Science in a suitcase

Robert Prevedel talks about EMBL and microscopy at the Internationale Gesamtschule Heidelberg. PHOTO: EMBL/Hugo Neves
Robert Prevedel talks about EMBL and microscopy at the Internationale Gesamtschule Heidelberg. PHOTO: EMBL/Hugo Neves


School students build fluorescence microscopes designed by members of the Prevedel group and ELLS

A fluorescence microscope can be like a magic box. If you twiddle the buttons just right, you can get informative and beautiful images. Yet understanding how one works is easier to grasp if you can build one. This is what students at the Internationale Gesamtschule Heidelberg (IGH) did, as part of the microscopy project, “From Nature to Technology – Microscopes in Action”, organised by EMBL’s teacher training programme, ELLS, and the Prevedel group. Students aged 15-16 years, built fluorescence microscopes from parts packaged within a portable kit and imaged biological specimens. On the 5th of March, Robert Prevedel, group leader at EMBL Heidelberg, spoke at IGH and answered questions from students.

Curious students

Throughout February, students at the IGH took part in a series of four 90-minute sessions that transformed the classroom into a lab. Working in small groups, students built fluorescence microscopes, capable of imaging biological samples hundreds of micrometres in size. Fragile lenses and research grade objectives make up the kit, so protective gloves were donned. The laboratory experience continued as students prepared biological samples, practiced using research-grade micro-pipettes for the first time and got the opportunity to visit EMBL before and after their classroom sessions. Here, they saw the inner workings of much larger fluorescence microscopes and gained an insight into how these are used in research.

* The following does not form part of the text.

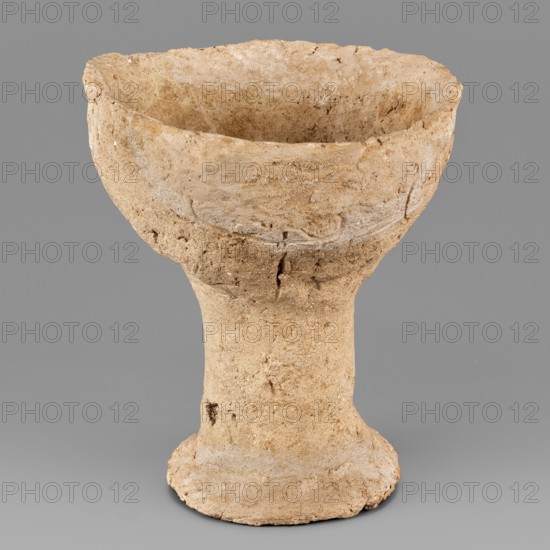 Beaker with engraved decoration, unknown northern Mesopotamian workshop. Hand-made beaker on a thick, cylindrical stem with a poorly defined foot. The bowl is a low form with an irregularly defined rim, glued to the foot. Three schematically engraved human figures on the bowl: the torso with head and legs shown by a vertical line ending in a dot at the top and a short downward-opening arc at the bottom; arms extended upward marked by an engraved horizontal line curved at both ends, intersecting the torso slightly below midpoint. Anthropomorphic depictions; engraved decorations; Near Eastern ceramics; Eastern Gaulish Scenery. 1st half of the 3rd millennium BC; Early Jazira III period Early Bronze/Early Dynastic III; ca. 2600–ca. 2350 BC. Findspot: Tell Abu Hafur northeastern Syria, Khabur basin, Northern Mesopotamia Khabur basin. Vessel, weight 148 g., A rough, bowl-shaped ceramic object with a wide, shallow upper cavity atop a narrower cylindrical stem and a flared base, showing an une...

Pupils discover how their newly-built fluorescence microscopes work. PHOTO: EMBL/Emma Steer

Pupils discover how their newly-built microscope works. PHOTO: EMBL/Emma Steer

To conclude the project, students showcased what they had learnt in a poster presentation on the 5th of March. Robert Prevedel also gave a talk at the school and answered questions from curious students. The local press came and the room was packed with around 150 students filling seats and more crowding in at the back. “I felt the project worked well, and the turn out for the presentation today reflected that,” says Robert Prevedel. “We initially designed this project for the predoctoral course at EMBL, but with the support of the teachers and ELLS, it could be modified to fit into a classroom setting.”

Skills for success

By successfully building a fluorescence microscope, the students showed a thorough and solid understanding of the textbook physics and biology they had learnt in the classroom. Determination, problem-solving, and teamwork were also required to complete this project. Yet these students rose to the challenge. “It was amazing what we were able to see under the microscope,” says one student, “you felt like you were in a proper laboratory.” Christoph Hedicke, the students’ teacher agrees. “It was a great opportunity for the students to work in a practical setting. It asked a lot of the students but they are open and curious to learn.”

Continued support

The project was generously funded by the Dr. Rolf M Schwiete Stiftung and the Zukunft Metropolregion Rhein-Neckar e.V., with continued support from Friends of EMBL. This project helps to make STEM subjects more accessible to school students. The fluorescence microscopes, originally designed by members of the Prevedel group and adapted by ELLS, easily fit into portable suitcases. “We received very good feedback from the students,” says Agnes Szmolenszky, Head of ELLS. “The plan now is to make this project a self-contained teaching resource for schools, first here in the region and then nationwide.”